Artikel erschienen imRundbrief des Berufsverbands bildender Künstler Berlin
Die Künstlersozialkasse (KSK) hat es schwer. Als einzigartiges Instrument zur sozialen Absicherung von Kunst- und Kulturschaffenden in der Hochphase der Sozialdemokratie 1974 beschlossen, ist sie im Zuge der Neoliberalisierung Deutschlands massiven Angriffen ausgesetzt. Ob Industrie, Handelskammer oder Kulturmarktverbände, immer wieder wird versucht, dieses Sozialversicherungsmodell zu diskreditieren. Nicht zeitgemäß sei die Idee, Freiberufler wie Arbeitnehmer zu versichern und damit vor dem sozialen Abstieg oder Aufgabe der künstlerischen Tätigkeit zu bewahren. Wo einst die Sorge um die Künstler zur Sicherung der Kulturstaatlichkeit der Staatszielbestimmung Deutschlands entsprach, regiert heute die Rhetorik des freien Marktes.
Mit der Novellierung des Künstlersozialversicherungsgesetzes wurde die Abgabepflicht auf die Gesamtheit der Unternehmen erweitert. Die Kontrolle der Abgabe wurde auf die potentere Deutsche Rentenversicherung (DRV) übertragen. Diese kontrollierte seit 2012 aber nicht, obwohl durch die Neuordnungen Millionenbeträge in die Kasse flossen. Mit 50 Mil. € zusätzlichen Verwaltungskosten wurde dies als zu teuer dargestellt. Außerdem fiele die Deckung der Mehrkosten zu Lasten der Rentenversicherung. Dabei wurden die Kosten hierfür von der KSK selbst aber mit nur 15% der Summe veranschlagt. Im nächsten Jahr soll der Abgabesatz um 1% erhöht werden. Kulturmarktverbände, wie der Bundesverband Deutscher Galeristen, laufen dagegen Sturm. Die Belastung, so befürchtet man, bleibe bei den Galerien hängen. Dabei würde eine Teuerung des Endprodukts um 1% wohl kaum Käufer abschrecken. Geiz gilt hier nicht unbedingt als geil. Doch wer ins Feld führt, man sei besonders hart getroffen, da man “hohe Anteile aus Werkverkäufen an bildende Künstler zahle“ jammert nicht nur auf hohem Niveau. Er denkt vielleicht auch allzu eigennützig. Selbst wenn einige Kunsthändler ums Überleben kämpfen müssen: Nur 13% der Kunstschaffenden verdienen mehr als die Hälfte ihrer Einkünfte aus dem Verkauf von Werken.

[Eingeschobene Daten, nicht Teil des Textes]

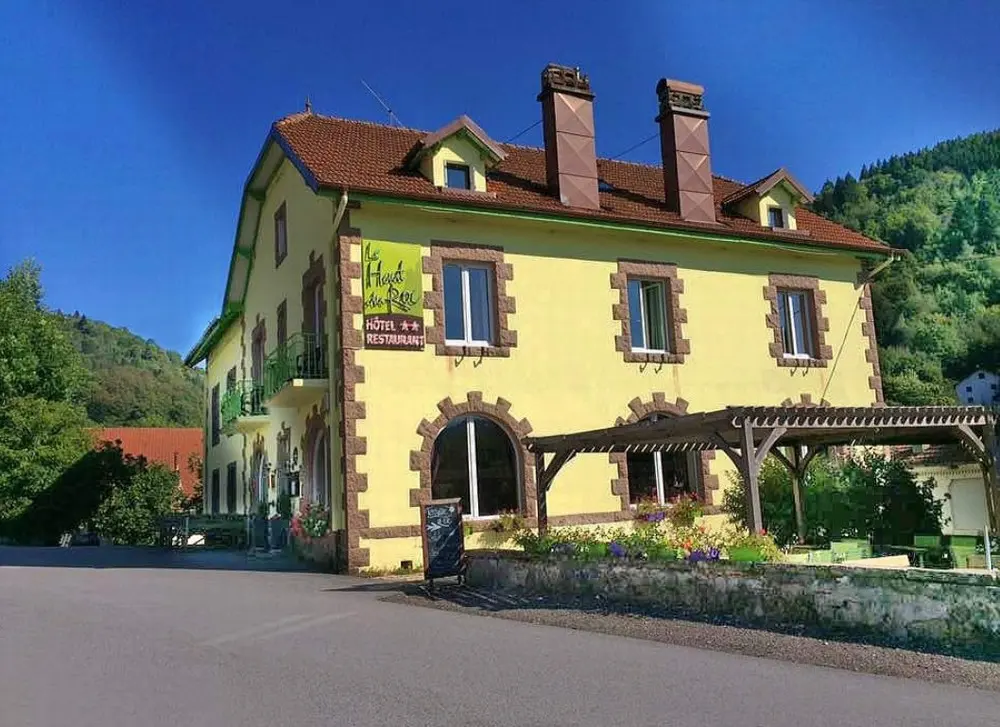 Le Haut du Roc - Basse-sur-le-Rupt (Vosges)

Die wenigsten profitieren von den Leistungen einer Galerie. Und dass sich nur Qualität am Markt durchsetze, ist ein Galeristenmärchen. Die soziale Lage der Künstler ist jedoch dramatisch. Das Durchschnittseinkommen der KSK-Versicherten liegt bei lediglich 14.000,- €. Honorare für bildende Künstler sind die Ausnahme. Ebenso wie Verkäufe. Deshalb braucht die Kunst Unterstützung.
Die Kontrollen bei den Künstlern haben sich indes verschärft. Wer bei der KSK falsche Angaben macht, muss mit harten Strafen rechnen. Viele sind aus der KSK geflogen, viele scheitern bereits bei der Antragstellung, da die Erwerbsmäßigkeit der künstlerischen Tätigkeit an einem jährlichen Reinerlös aus künstlerischer Arbeit von mehr als 3.900,-€ berechnet wird. Wer im Nebenberuf mehr als 450,-€ verdient, riskiert ebenfalls eine Ausschluss. Leichter hat es da der Berufsstamm der Grafikdesigner oder der Publizisten. Als letzterer geht dann schon mal der ein oder andere Galerist oder Kurator durch, wo man bei der Frage wäre, ob der Sinn der Künstlersozialkasse noch erfüllt ist, wenn Galeristen in der KSK sind und Künstler dabei chancenlos in die Sozialfalle rutschen. Ein Problem ist vielleicht, wie bei der KSK gewirtschaftet wird. Grundsätzlich müsste sich die Kasse aus den Abgaben und Beträgen tragen.
Als unter Franz Müntefering aber die Künstlersozialversicherungsgesetz reformiert wurde, bedeutete dies einen Rückgang der Bundesfinanzierung von 25% auf 20%. Das Defizit musste erwirtschaftet werden. Hier leitete sich eine Welle von Ausschlüssen und eine restriktive Eintrittspolitik ein. Sollte die KSK tatsächlich einmal obsolet werden, dann vielleicht durch eine Bürgerversicherung. Diese ist aber vorerst nicht in Sicht. Die gegenwärtigen Beitragslöcher ließen sich durch bessere Kontrollen bei den Unternehmen und durch die Einführung von Ausstellungshonoraren bei staatlichen und kommunalen Ausstellungshäusern stopfen. Ob es Mindestlohn für Künstler irgendwann geben wird, bleibt aber fraglich. Eine Rückbesinnung auf den Bestimmungszweck der Künstlersozialkasse scheint dringend nötig.